By Rula Al-Nasrawi & Ashley Glazebrook
Diversity Editor & Diversity Reporter
Six women, one war and an experience they will never forget. From nurses to soldiers to entertainers, the untold stories of American women trapped in a foreign war were presented for Santa Cruz audiences last week in Barnstorm’s production, “A Piece of My Heart.”
Written by Shirley Lauro, the play tells the story of six different women involved in the Vietnam War, the men in their lives, and the conflict’s traumatic aftermath. The play, which ran from Nov. 20 through Nov. 23, provided an insight into the women’s perspective of the adverse time period and the hardships they were forced to endure.

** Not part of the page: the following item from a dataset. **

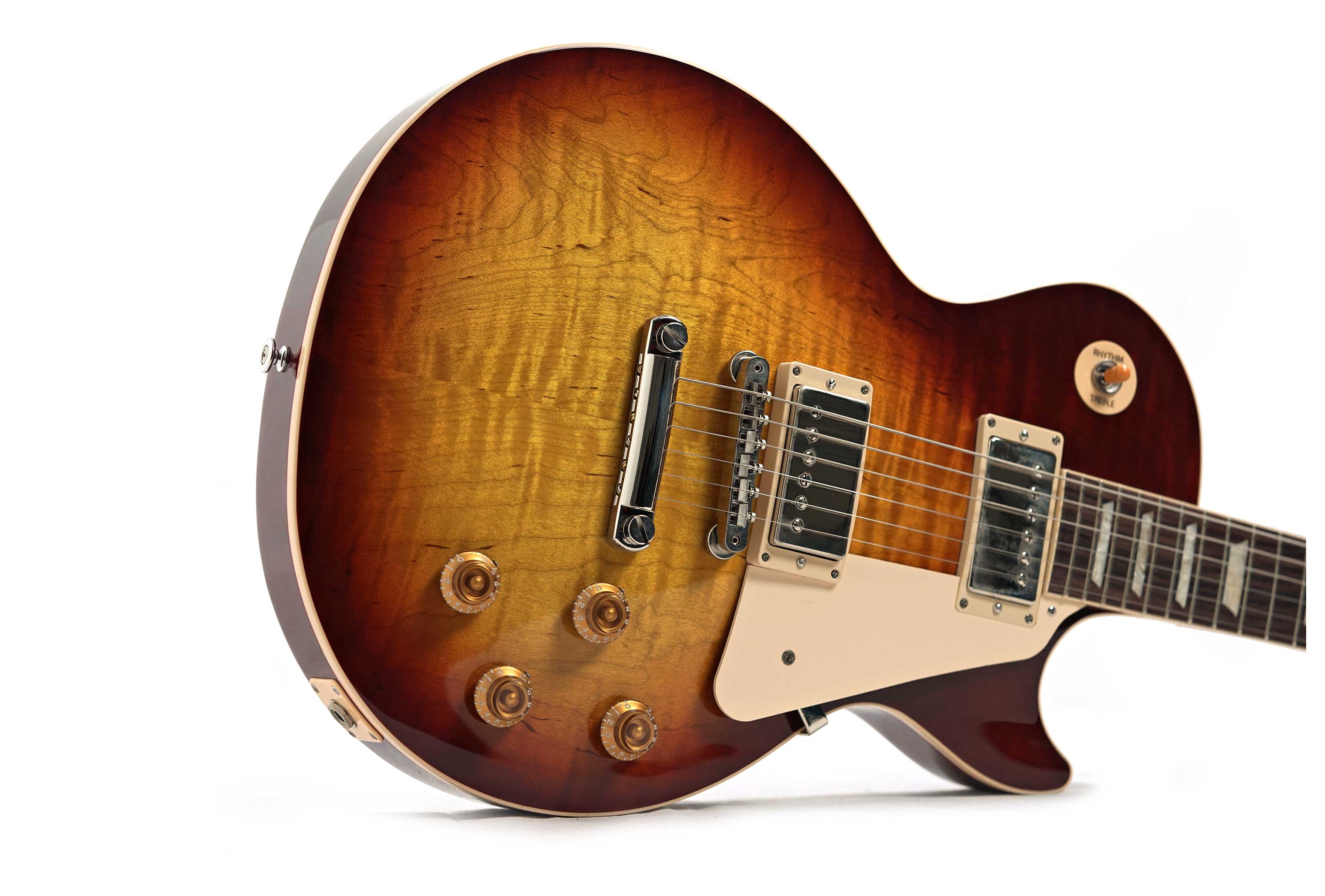 Gibson Les Paul Standard 50s Iced Tea #219960044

Amineh Helalian, UC Santa Cruz fifth-year and director of the performance, described her directorial adjustments to the play’s previous format.
“In the script it’s written that all of the characters speak out to the audience,” Helalian said. “What I changed seemed to work a lot better — the idea of all the women talking to each other. What I was hoping to do by having the characters talking to each other rather than out to the audience was to give the characters the chance to communicate with each other and help each other live, help each other heal.”

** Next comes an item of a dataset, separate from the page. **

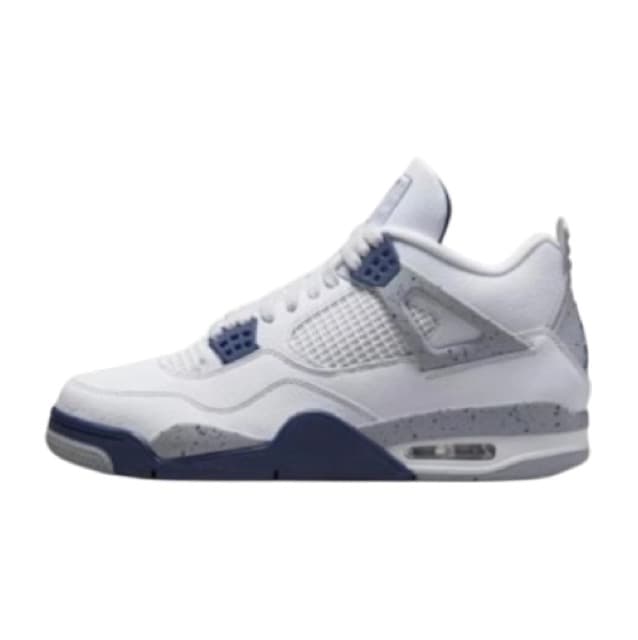 Jordan 4 (+15 Styles)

There were seven cast members in total, six females and one male. Each actress played six to 10 different roles, while the male played about 27.

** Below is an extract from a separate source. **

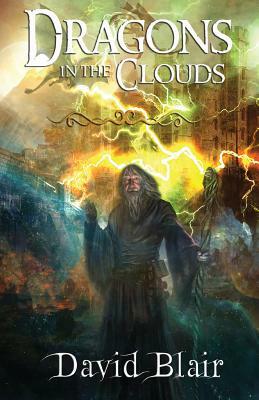 Dragons in the Clouds by David Blair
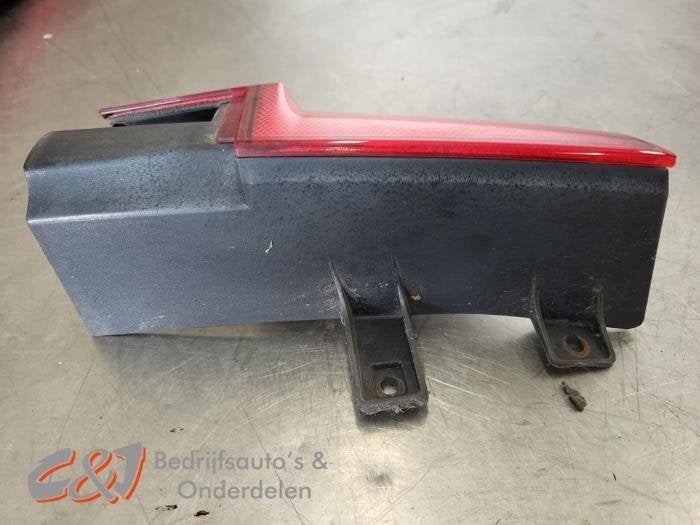 Achterklep reflector links van een Mercedes Vito, Gebruikt, -, Ophalen of Verzenden, -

The sole male cast member, fifth-year Yavé Guzmán, explained the difficulty of playing 27 different characters.
“You have to make every character believable, you have to make it real,” Guzmán said. “That was difficult, coming up with 27 different stories and backgrounds. I definitely called on everything I had learned in my training as an actor. I called on vocal structure, called on facial aspects, called on movement, called on thinking differently, breathing differently.”
In terms of preparing for the roles, Guzmán employed the art of observation.
“With 27 different characters, you have to have different body movements and stuff,” Guzmán said. “So I just walked around town and looked at other people. I looked at body movement, hand gestures and facial gestures. Stories from the past.”
Each female character displayed a different background and life story to the audience through detailed reenactments of the Vietnam War and each woman’s unique experience.
Fifth-year Genévieve Brown, a cast member, explained the depth each character encompassed. Her main character, Steele, was the only one of the six women who actually served in the military.
“I thought my character was kick-ass,” Brown said. “[Steele] doesn’t let her guard down, which is cool.”
Each woman had a different culture and story. From a half-Japanese ex-hippie to a black official to an Ivy League nurse, “A Piece of My Heart” provided numerous different perspectives of the war.
Brown described the important aspects of the performance as a whole.
“It’s just weird how you serve your country and they drop you,” Brown said. “‘Piece of My Heart’ is about those people that were forgotten.”
While the play was an exhibition of stories, it also provided an outlet for the suppressed female victims to get their personal accounts out into the public.
“One of my favorite lines in the play talks about how the government didn’t keep any official lists of women that were over there because they didn’t want to admit that they put women in danger,” Helalian said. “Because of that there were no outreach groups, women weren’t allowed to contact each other and their stories remained untold, so they weren’t allowed to heal.”
Audiences reacted strongly to the performance.
“We got overwhelmingly positive responses about the play,” Helalian said. “I think everyone came away with something a little bit different. People who had personal experiences before got quite emotional. I think women were very strongly affected by it because it had such a strong feminine cast to it.”
Brown discussed the main lesson audiences should learn from the production.
“Just to educate,” Brown said. “As long as you learn something, it brings your life so much flavor. To understand that, you know, not only men but women go to war.”
Helalian said that there is not one central message of the play.
“I am a great believer that as an artist, I’m not here to be on a soapbox,” she said. “I’m not creating a work for an audience to take a specific message off of. I really want people to think about the problems. My job is not to create a solution but just to get people to think about the problems, the idea of talking about it. My main goal was just to tell the stories and I hope everyone took away something different.”